CVU girls capture historic cross-country title

Courtesy photo by Scott Bliss
CVU girls cross-country athletes win their ninth straight Division I state championship on Saturday.

The Champlain Valley Union girls cross-country team needed a standout performance in order to capture a historic ninth straight Division I state championship.

Freshman Alice Larson came up with the performance that the Redhawks needed, finishing in fourth place during Saturday’s state meet to lead the team to the trophy.

“This one is historical,” said CVU coach Scott Bliss. “No one has ever won more than eight in a row. Because of all the different things that we have dealt with, this one means more.”

Jennifer Ireland followed up Larson’s finish by crossing the line in fifth.
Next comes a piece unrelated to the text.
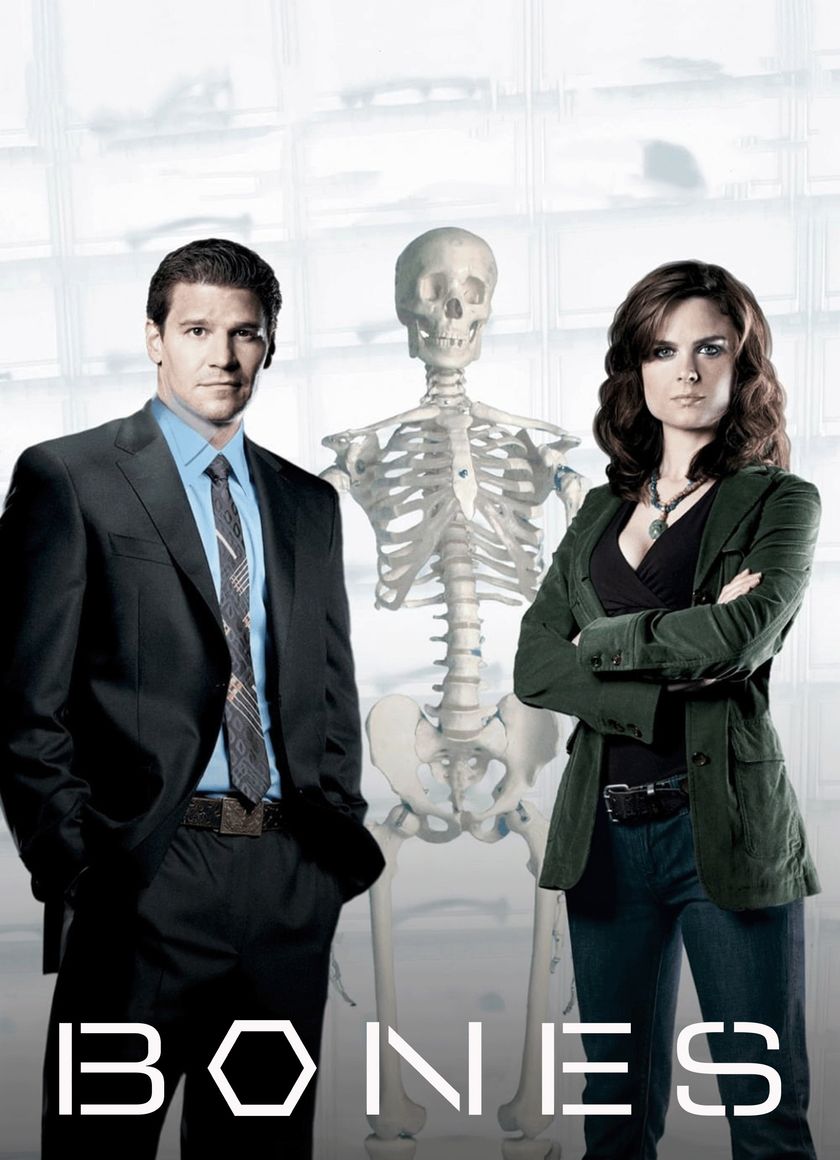 Hài Cốt (Phần 1)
Chloe Andrae finished in 10th place, Ella Whitman was 16th and Cate Noel wrapped it up for the Redhawks in 17th place.

“Our normal No. 1 girl was was No. 4 at the state meet and our normal No. 5 really picked us up,” Bliss said. “We preach that we need all seven girls.

“There is a culture, a culture of we don’t do it for the individual, we do it for the group. They are willing to give a little bit more.”
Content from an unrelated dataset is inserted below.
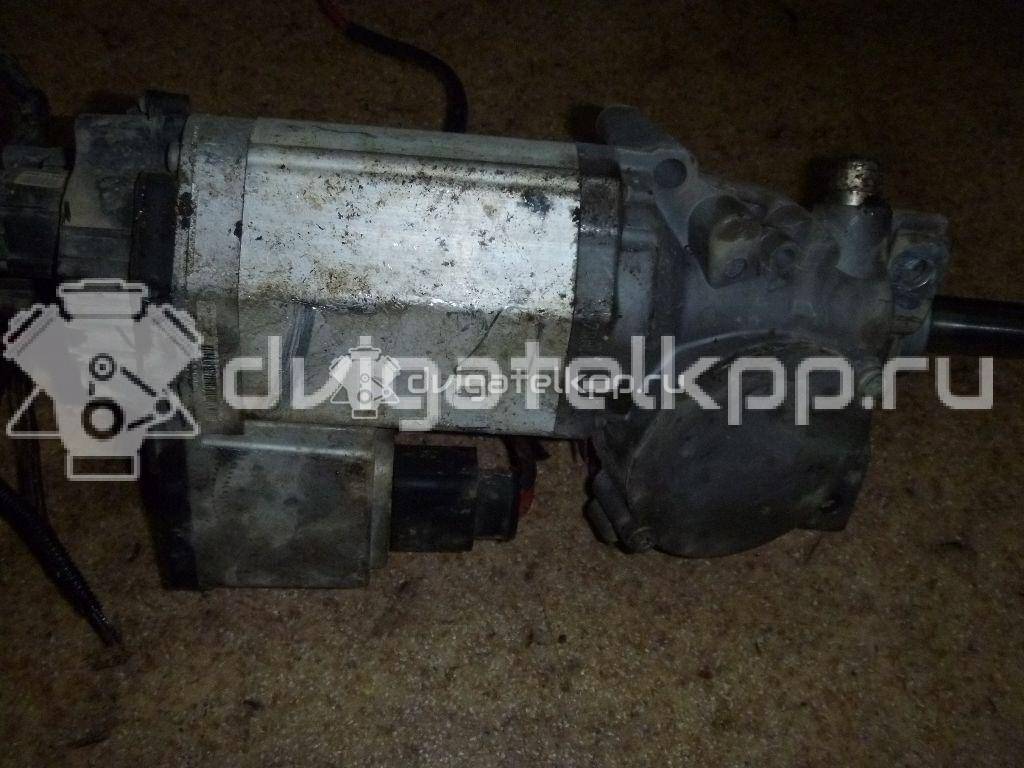 Фото Рейка рулевая  1k1423051cd для audi A3 [8P1] {forloop.counter}}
The performance of the CVU harriers was just enough to help them top second-place Burlington. The Redhawks had 44 points, coming in just three points ahead of the Seahorses.

The ninth state title seemed like a sure thing at the start of the season, when CVU was supposed to return five of its runners from last season. But injuries cost the Redhawks two of its top runners (another decided not to return) and CVU was forced to rely on its depth.
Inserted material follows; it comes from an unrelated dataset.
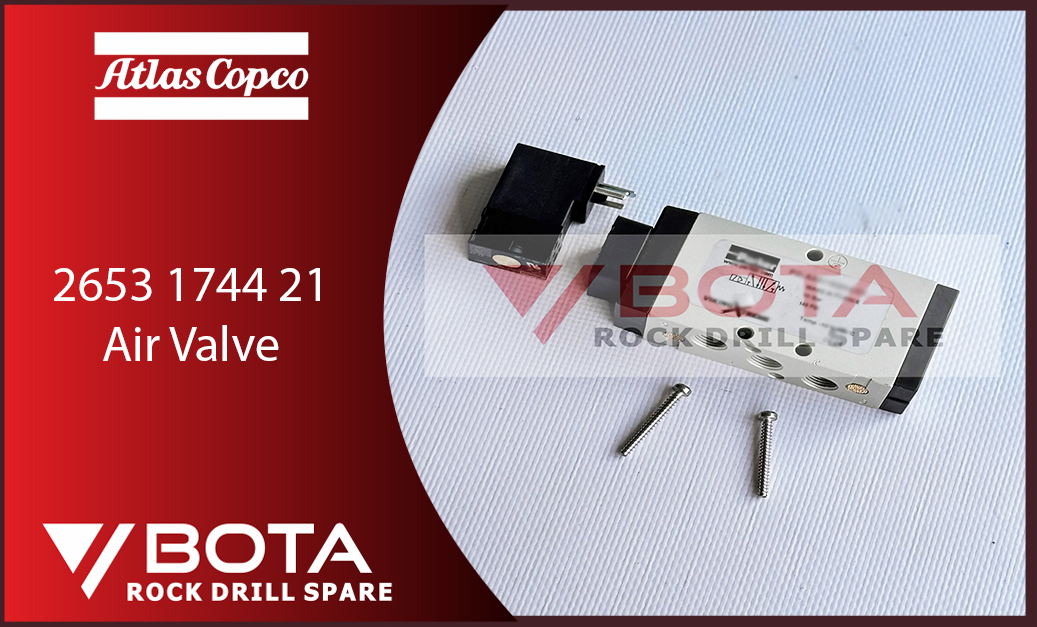 2653 1744 21-Air Valve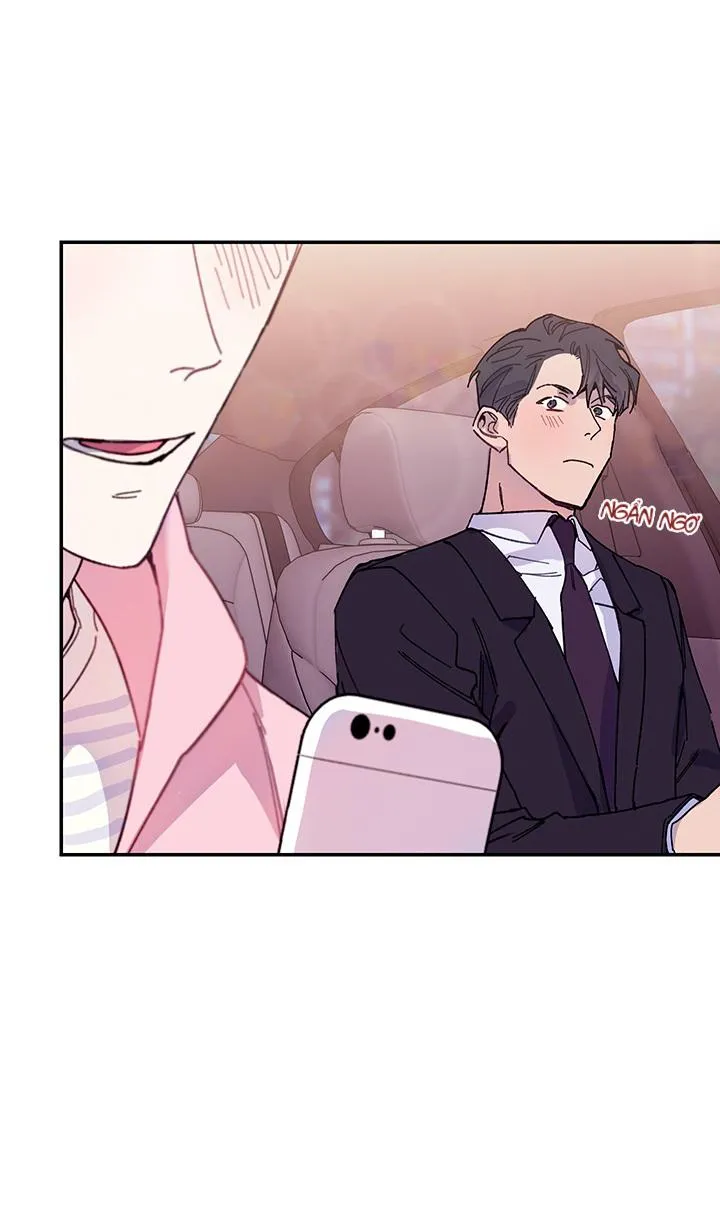 Why Not, CEO? Chapter 17 Trang 34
Andrae’s return a few weeks ago helped boost the chances for CVU on Saturday.

“That’s why we travel as much as we do,” Bliss said. “We put them in situations that are challenging to prepare them for when they might be in that situation in the state meet.”

The depth and the top performances helped carry the Redhawks’ historic win – no cross-country team, boys or girls, has won more than eight titles in a row – something that the runners did not even know they were running for.

“No one knew but me, not even my assistants knew,” Bliss said. “I didn’t want anyone thinking about it. It’s hard enough when you are expected to win every time you step on the line.”